This is almost always going to mean that your search is running out of time or space. I'd bet on space.

Transaction is a resource hog. Better to rewrite the search.

Supposing that you need to see three fields, FieldA FieldB FieldC, start with something like this to cut off everything else you don't need...

 | fields FieldA FieldB FieldC msg

Then, since transaction needs to identify the multiple pieces that go together based on their fields, sort the events so that each msg is together.

This should get you a little further (maybe up to an hour or two of data) ...
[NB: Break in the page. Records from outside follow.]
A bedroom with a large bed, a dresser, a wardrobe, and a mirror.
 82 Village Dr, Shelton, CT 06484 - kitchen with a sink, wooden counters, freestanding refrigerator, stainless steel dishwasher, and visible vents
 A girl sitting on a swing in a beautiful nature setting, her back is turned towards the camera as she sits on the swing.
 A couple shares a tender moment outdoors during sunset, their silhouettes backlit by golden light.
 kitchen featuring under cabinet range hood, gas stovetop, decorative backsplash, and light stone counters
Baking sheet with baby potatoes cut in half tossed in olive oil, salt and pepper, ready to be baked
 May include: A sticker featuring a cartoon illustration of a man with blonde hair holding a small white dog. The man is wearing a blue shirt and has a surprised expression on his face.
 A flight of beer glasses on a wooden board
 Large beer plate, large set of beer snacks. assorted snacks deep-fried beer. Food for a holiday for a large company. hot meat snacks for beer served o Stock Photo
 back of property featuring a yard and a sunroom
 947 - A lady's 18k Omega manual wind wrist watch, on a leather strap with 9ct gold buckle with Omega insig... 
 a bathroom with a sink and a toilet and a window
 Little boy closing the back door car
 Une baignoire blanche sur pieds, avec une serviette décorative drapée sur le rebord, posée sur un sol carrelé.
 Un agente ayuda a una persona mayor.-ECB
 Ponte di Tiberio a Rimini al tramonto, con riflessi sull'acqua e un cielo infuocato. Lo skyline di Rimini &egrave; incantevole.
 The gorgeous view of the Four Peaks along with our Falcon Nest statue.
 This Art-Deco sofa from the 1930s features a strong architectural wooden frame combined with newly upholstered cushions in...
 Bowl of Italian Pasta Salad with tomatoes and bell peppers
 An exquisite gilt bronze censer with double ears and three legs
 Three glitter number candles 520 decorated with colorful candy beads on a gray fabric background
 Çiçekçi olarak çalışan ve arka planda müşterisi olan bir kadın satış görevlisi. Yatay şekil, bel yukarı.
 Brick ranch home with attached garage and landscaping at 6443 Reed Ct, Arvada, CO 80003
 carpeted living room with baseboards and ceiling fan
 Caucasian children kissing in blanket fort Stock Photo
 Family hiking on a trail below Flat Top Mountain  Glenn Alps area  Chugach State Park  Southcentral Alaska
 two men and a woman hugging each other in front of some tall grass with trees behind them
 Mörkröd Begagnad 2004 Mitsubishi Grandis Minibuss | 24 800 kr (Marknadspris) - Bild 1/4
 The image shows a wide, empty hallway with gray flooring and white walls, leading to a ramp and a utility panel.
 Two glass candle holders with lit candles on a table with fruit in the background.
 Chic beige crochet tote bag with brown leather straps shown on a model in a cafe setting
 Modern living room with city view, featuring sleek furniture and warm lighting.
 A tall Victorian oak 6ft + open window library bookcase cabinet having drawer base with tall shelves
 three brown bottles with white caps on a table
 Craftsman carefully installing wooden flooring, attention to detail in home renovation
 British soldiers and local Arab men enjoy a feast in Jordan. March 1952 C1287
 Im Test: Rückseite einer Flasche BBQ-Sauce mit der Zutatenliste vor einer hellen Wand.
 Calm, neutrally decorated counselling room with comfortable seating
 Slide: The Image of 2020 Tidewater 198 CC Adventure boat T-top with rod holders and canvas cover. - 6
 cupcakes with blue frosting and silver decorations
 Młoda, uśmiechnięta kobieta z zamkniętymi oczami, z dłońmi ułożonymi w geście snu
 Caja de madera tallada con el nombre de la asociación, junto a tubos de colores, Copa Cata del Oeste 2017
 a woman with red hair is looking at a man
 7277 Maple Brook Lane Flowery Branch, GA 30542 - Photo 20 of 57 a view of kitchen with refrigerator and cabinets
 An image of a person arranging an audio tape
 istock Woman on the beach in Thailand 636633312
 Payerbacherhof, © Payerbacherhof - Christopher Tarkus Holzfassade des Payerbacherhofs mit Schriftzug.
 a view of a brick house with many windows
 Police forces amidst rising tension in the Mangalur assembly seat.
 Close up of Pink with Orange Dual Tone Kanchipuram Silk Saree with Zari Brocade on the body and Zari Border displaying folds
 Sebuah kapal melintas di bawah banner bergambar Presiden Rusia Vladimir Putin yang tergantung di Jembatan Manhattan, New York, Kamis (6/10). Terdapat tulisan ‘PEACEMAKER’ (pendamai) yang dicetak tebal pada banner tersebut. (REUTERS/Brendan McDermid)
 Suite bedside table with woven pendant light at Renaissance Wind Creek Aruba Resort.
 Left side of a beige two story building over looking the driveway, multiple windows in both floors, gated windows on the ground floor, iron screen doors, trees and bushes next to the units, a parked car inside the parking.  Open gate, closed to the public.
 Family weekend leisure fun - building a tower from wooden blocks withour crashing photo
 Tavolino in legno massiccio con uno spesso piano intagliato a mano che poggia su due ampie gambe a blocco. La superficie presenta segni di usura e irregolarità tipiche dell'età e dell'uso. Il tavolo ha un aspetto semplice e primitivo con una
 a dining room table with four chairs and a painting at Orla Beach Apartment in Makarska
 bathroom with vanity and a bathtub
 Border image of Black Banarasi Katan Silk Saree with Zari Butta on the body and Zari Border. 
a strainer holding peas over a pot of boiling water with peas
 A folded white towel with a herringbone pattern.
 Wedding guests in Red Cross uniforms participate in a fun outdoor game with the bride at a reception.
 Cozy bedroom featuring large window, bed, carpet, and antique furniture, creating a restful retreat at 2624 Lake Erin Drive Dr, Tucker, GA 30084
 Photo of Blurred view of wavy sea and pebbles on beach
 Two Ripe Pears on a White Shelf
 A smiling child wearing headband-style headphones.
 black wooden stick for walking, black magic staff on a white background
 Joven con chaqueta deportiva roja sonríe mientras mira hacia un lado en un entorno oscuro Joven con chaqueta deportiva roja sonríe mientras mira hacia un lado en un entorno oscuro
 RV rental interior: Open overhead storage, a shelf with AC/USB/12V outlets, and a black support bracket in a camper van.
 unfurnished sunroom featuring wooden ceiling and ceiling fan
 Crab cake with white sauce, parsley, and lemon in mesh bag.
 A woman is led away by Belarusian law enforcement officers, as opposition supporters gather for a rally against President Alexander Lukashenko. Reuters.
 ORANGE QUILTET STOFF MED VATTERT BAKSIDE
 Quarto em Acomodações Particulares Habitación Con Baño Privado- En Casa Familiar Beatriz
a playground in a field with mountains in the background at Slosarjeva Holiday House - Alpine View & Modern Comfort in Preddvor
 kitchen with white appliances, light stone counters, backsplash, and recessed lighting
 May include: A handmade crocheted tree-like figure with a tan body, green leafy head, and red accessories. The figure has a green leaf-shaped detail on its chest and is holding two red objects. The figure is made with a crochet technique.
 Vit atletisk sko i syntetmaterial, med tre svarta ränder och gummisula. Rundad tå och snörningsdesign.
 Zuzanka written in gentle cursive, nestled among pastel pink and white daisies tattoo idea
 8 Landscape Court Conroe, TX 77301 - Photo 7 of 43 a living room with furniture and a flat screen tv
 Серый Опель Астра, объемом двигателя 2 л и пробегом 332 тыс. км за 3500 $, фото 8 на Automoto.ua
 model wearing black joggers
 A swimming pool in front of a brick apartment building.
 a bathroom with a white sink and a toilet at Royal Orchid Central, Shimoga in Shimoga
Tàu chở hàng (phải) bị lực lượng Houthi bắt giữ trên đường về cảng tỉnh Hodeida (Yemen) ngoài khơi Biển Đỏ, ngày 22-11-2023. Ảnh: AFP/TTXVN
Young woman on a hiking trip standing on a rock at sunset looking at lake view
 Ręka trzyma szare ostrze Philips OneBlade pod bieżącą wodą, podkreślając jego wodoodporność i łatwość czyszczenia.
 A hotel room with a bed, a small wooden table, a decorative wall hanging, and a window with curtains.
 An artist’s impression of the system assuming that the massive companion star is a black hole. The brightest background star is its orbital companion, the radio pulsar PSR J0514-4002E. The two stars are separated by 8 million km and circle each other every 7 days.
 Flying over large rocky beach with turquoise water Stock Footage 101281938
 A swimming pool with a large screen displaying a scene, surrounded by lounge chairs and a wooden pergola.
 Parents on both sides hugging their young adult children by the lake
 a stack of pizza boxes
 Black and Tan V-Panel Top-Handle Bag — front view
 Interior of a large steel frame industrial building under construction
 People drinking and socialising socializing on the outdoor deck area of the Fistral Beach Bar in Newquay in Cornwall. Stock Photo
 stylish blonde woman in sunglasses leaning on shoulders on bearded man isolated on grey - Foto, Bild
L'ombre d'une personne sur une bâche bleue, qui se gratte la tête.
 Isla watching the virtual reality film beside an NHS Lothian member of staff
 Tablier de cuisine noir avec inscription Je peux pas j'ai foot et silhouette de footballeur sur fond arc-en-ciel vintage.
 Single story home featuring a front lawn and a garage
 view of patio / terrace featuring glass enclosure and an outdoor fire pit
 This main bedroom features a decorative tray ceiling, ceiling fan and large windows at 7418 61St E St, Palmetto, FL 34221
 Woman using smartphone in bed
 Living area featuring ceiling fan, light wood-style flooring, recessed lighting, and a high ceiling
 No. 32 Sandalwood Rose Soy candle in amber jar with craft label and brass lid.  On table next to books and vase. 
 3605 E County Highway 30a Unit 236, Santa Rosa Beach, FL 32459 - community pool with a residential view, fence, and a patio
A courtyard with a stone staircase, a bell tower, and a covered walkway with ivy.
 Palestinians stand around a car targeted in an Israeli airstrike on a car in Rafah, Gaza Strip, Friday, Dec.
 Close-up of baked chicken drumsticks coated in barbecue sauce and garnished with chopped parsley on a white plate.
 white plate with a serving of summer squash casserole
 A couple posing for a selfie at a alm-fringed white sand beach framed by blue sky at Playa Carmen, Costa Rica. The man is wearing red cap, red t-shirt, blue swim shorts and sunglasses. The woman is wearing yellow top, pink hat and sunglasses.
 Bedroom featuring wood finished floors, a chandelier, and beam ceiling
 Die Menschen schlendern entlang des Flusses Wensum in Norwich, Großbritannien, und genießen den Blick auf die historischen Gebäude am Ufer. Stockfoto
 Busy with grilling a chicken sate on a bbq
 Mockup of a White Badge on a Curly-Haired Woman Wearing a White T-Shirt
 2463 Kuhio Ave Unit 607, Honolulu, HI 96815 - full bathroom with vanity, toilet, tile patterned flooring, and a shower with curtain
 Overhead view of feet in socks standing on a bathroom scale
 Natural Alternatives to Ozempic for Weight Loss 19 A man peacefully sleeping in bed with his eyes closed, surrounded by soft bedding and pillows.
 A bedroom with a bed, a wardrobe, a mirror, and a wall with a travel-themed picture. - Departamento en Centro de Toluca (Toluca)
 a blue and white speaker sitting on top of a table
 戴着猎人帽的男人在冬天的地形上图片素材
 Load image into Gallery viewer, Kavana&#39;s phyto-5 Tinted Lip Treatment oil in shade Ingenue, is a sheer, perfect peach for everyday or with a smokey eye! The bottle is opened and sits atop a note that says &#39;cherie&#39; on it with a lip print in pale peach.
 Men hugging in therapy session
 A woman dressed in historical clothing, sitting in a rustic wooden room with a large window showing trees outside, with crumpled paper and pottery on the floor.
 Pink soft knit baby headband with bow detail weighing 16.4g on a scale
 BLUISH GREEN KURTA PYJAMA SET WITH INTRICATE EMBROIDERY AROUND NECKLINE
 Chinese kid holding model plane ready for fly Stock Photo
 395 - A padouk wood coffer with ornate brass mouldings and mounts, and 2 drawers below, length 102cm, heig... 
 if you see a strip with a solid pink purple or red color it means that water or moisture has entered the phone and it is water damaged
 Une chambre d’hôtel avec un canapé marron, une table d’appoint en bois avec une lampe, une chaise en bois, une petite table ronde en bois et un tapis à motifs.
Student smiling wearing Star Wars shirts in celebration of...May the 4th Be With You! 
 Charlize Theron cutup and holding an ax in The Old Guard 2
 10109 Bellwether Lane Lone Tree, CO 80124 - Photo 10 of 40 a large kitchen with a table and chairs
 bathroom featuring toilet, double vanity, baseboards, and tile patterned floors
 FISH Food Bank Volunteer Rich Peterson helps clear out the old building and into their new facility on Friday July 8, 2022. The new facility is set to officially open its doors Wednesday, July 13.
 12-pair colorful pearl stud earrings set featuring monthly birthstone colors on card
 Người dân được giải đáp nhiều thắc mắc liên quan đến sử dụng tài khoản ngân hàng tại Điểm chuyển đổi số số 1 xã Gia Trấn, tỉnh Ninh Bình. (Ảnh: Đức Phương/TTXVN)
  host=hostname source="/var/log/audit/audit.log" 
 | fields FieldA FieldB FieldC msg
 | sort 0 msg _time 
 | transaction fields=msg 
 | search keyword 

Now, the above can also be rewritten to eliminate the need for "transaction". If "keyword" is fairly rare, you do this...

   host=hostname source="/var/log/audit/audit.log"  "keyword" 
   | table msg 
   | format

Take a look at the output of that. It creates a field called search that looks like...

( ( msg="first message" ) OR ( msg="second message" ) OR ... )

Now ,if you put that in square brackets, whatever is in the field search at the end of the subsearch will be dropped into the outside search, and limit the outside search to only those values of msg.

  host=hostname source="/var/log/audit/audit.log" 
      [host=hostname source="/var/log/audit/audit.log"  "keyword" 
       | table msg | format]
 | fields FieldA FieldB FieldC msg
 | stats min(_time) as _time, range(_time) as duration,
      values(FieldA) as FieldA, values(FieldB) as FieldB,
      values(FieldC) as FieldC
      by msg

For sparse records of "keyword", this is the way to go. It would be pretty inefficient if keyword was dense, however.

Which brings up the last point.

In Splunk, efficiency of a search is highly data dependent. If there are three ways to write something, it can be sane... not necessarily smart, but sane... to code all three and see which one has the best effectiveness.